Now she was 30, and starting from scratch. Again. But she was becoming much more cognizant of what was around her. She knew she wanted to get away from life’s everyday distractions, but it wasn’t until a friend asked her if she’d like to rent a bungalow on the beach that she realized how badly she needed it. She was trying to use the down-time to write a book, but a new chapter in her own life was just beginning.

“I had a psychic awakening,” she said. “I was becoming more aware of my senses. I went through a frightening experience where all of a sudden I knew things.”

Almost overnight, Margo said, she became highly intuitive. She could “see” colours. She could sense people’s energy and even their past lives. She could predict future events. But it was all too much. She felt like she was going crazy.

“It was a lot of information,” she said. “I got paranoid. I now know I was tuning into a collective fear.”

While she can reflect on the experience today, at the time she didn’t appreciate her new gift. It was too strange, she said. It was too unbelievable.

“It was so beyond what we’re programmed to believe,” she said. “By the end of three months I was freaking out. I was asking ‘please God, turn this off.”

But her senses weren’t dimming down. In fact, they were amping up. Desperate, she went to an open church, where she said she had another vision.

“I saw Christ’s spirit…He put His hand on my heart and said ‘you know things that other people don’t,’” she said. “He said ‘you have a lot of work to do.’”

While Margo didn’t yet understand what that service would be, she knew the work would have to start at her mother’s house. Her mom—a career municipal councillor known for her pragmatism and logical thinking—couldn’t begin to understand where Margo’s journey was taking her. Her daughter’s talk of spiritual energies and divine guidance left her skeptical, at best.

“My mom thought I was on drugs,” Margo shrugged.

It wasn’t until some of Margo’s more startling visions started revealing themselves that both mother and daughter started to believe there was more to what she was seeing and sensing. For years, while in Mexico, Margo had had visions of a native chief who was somehow imploring her to come back to Jasper to conduct important work. When she finally came back, she fell into an opportunity to work with Indigenous Peoples in central Alberta.

“The visions started connecting,” she said. “It was a beautiful process.”

Not only was it hugely validating for Margo to start connecting the cosmic milieu with a more rational realm, but working with Indigenous people reminded her that other cultures place a high value on matters of the spirit.

“[First Nations people] are the most tuned-in, but also the most forgotten,” Margo said.

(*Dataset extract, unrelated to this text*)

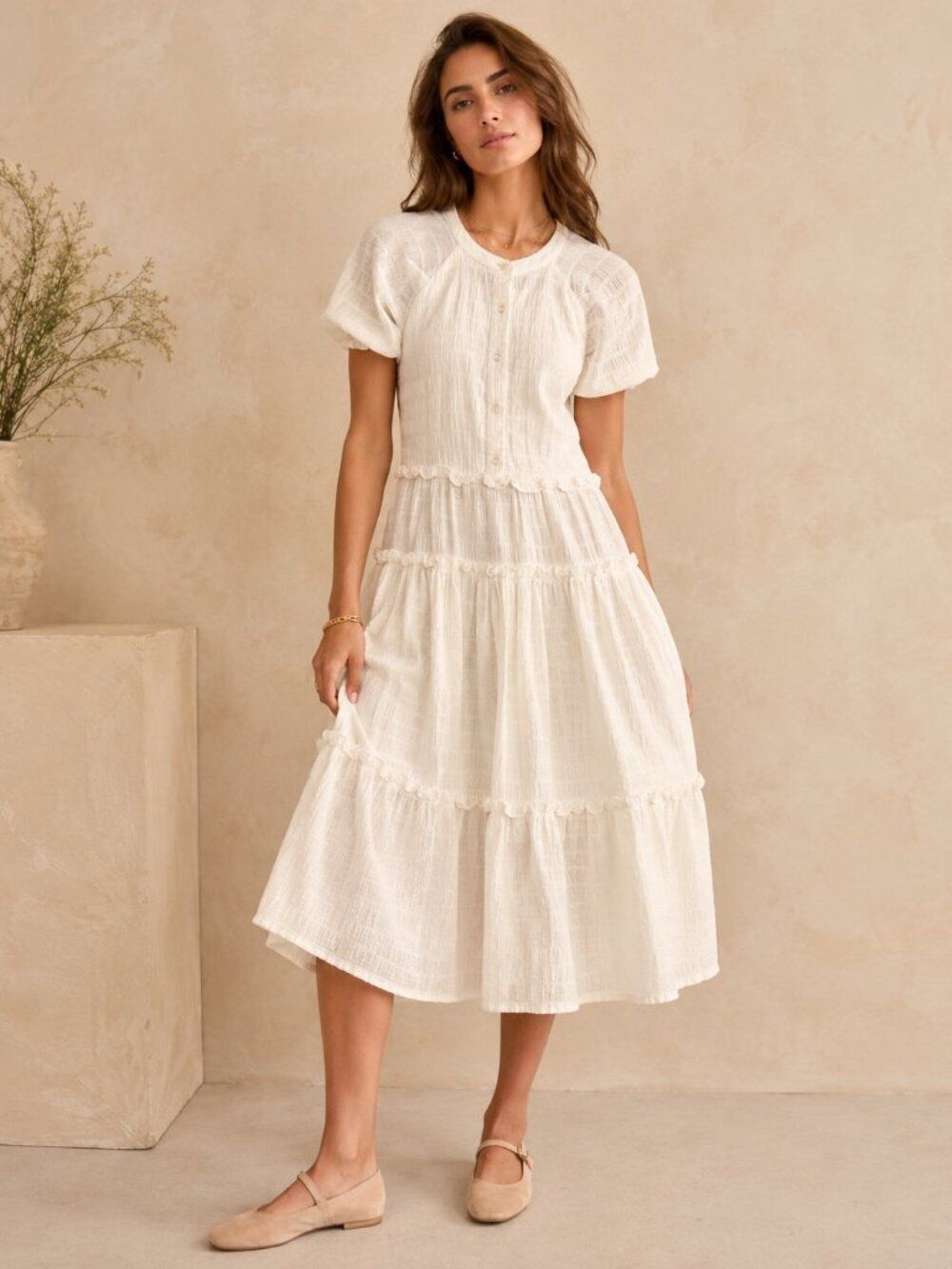 WhoβWhat Wear Ivory Cotton Puff Sleeve Tiered Midi Dress Cottagecore XS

Today, Margo still nurtures those relationships, and uses the lessons she learned there to guide her work with other groups. Her angel readings often start with a cleansing ceremony, as she pays respect to the divine while giving her client the chance to, as she says, “hear the calling of their soul.”

While non-believers might scorn, for Margo, it’s a surprise when people can’t admit that there could be more to the universe than what they can see with their eyes and touch with their hands.

Moreover, she’s puzzled when people deny their own intuition, even if they can happily acknowledge the serendipitous or karmic forces in their lives.

“We’re all born 100 per cent psychic,” she said. “We always have a voice that says ‘turn left,’ but we tend to override it.”

Now, having listened to her own inner voice, Margo has found a newfound passion for the community she grew up in. Jasper, she believes, is a highly spiritual place awaiting its true awakening. To help in that regard, she suggests that we have to learn how to counter the ego, manage our energy, and find the clarity that will enable us to live to our fullest potential.

We have to be open, in other words, to getting “the hits.”

“It’s truth telling time,” she says, spreading her arms like wings. “We’re going to see some systems crumble!”